Exercise description →
Transcribe the entries exactly; images are not part of the copy.

Data provided →
● ● ● ● ●

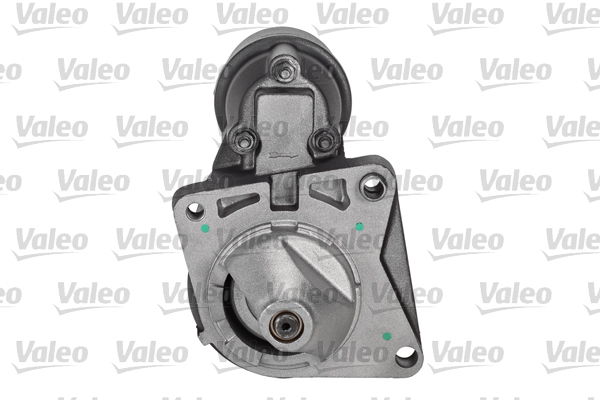 Valeo Starter 458407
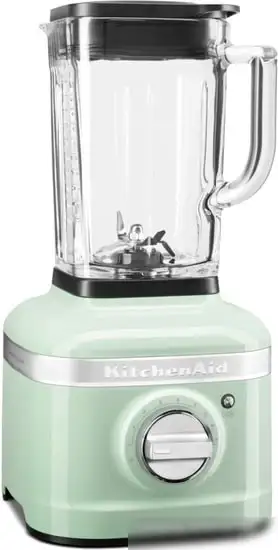 Стационарный блендер KitchenAid Artisan K400 5KSB4026EPT - фото товара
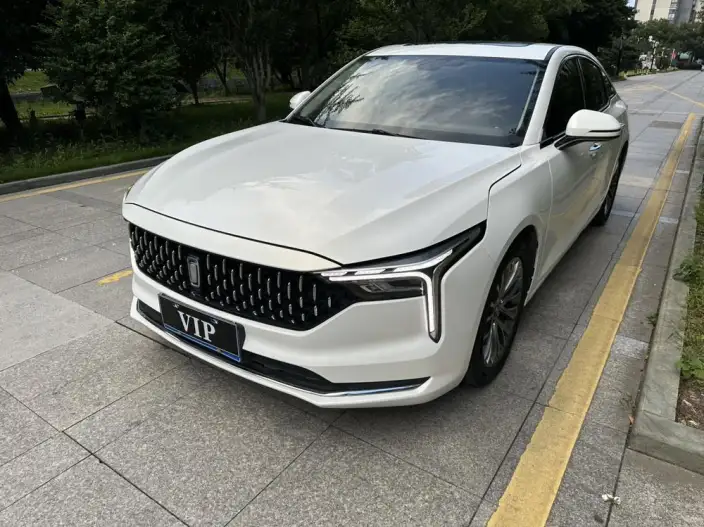 BESTUNE B70 2023 Model Third generation 1.5T Automatic Enjoy Edition Model 70th Anniversary Memorial Edition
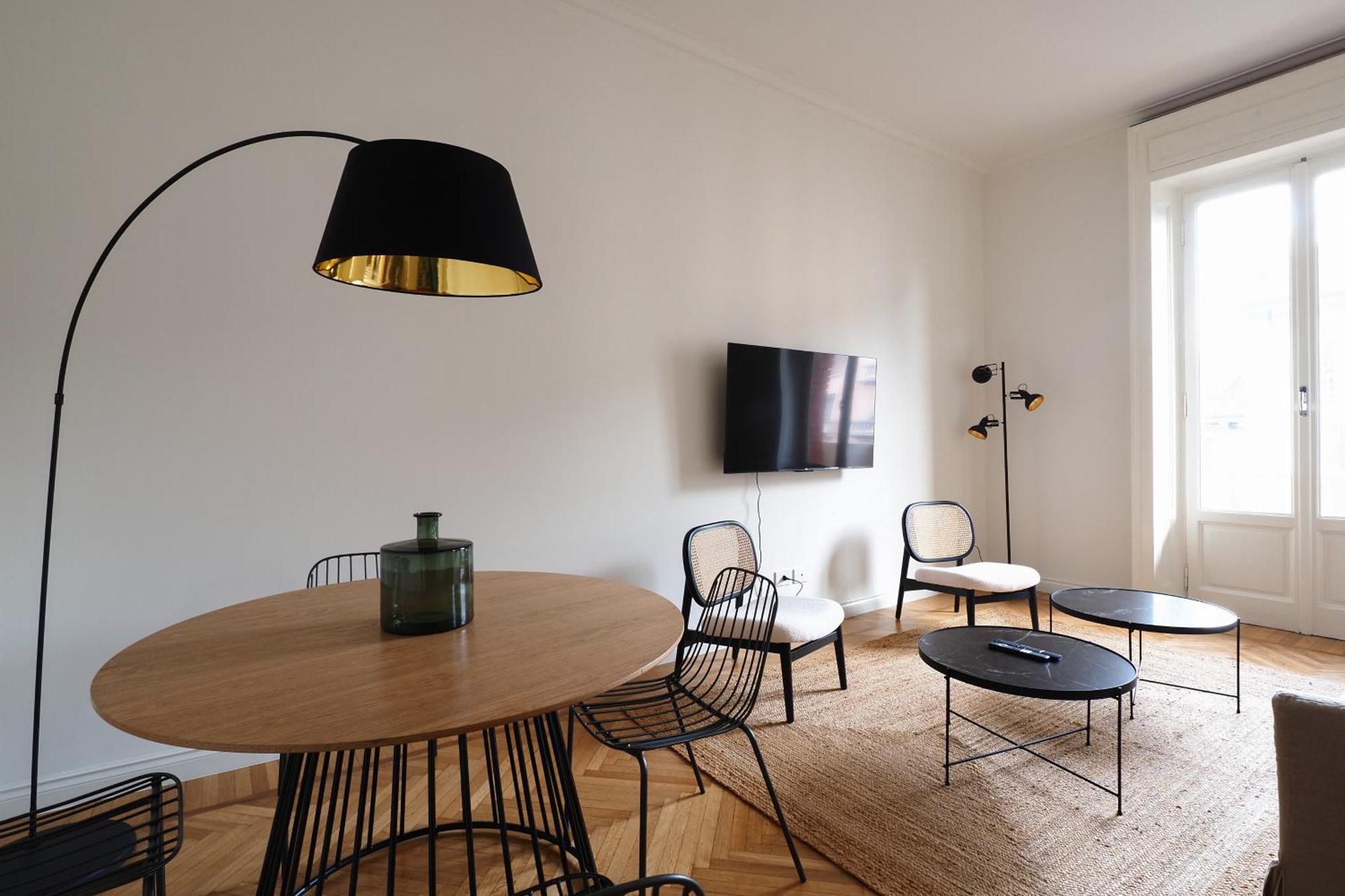 Adelaide Elegant Apartments 米兰 外观 照片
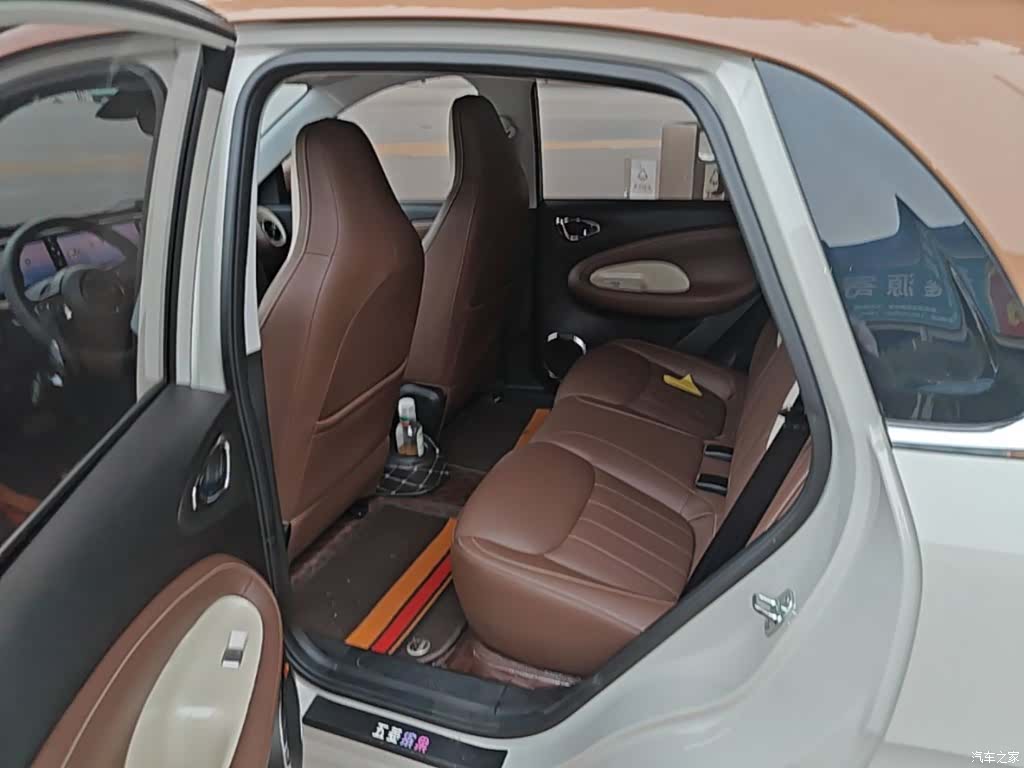 Wuling Bingo, 2023 17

● ● ● ● ●

Answer section →
 Valeo Starter 458407
 Стационарный блендер KitchenAid Artisan K400 5KSB4026EPT - фото товара
 BESTUNE B70 2023 Model Third generation 1.5T Automatic Enjoy Edition Model 70th Anniversary Memorial Edition
 Adelaide Elegant Apartments 米兰 外观 照片
 Wuling Bingo, 2023 17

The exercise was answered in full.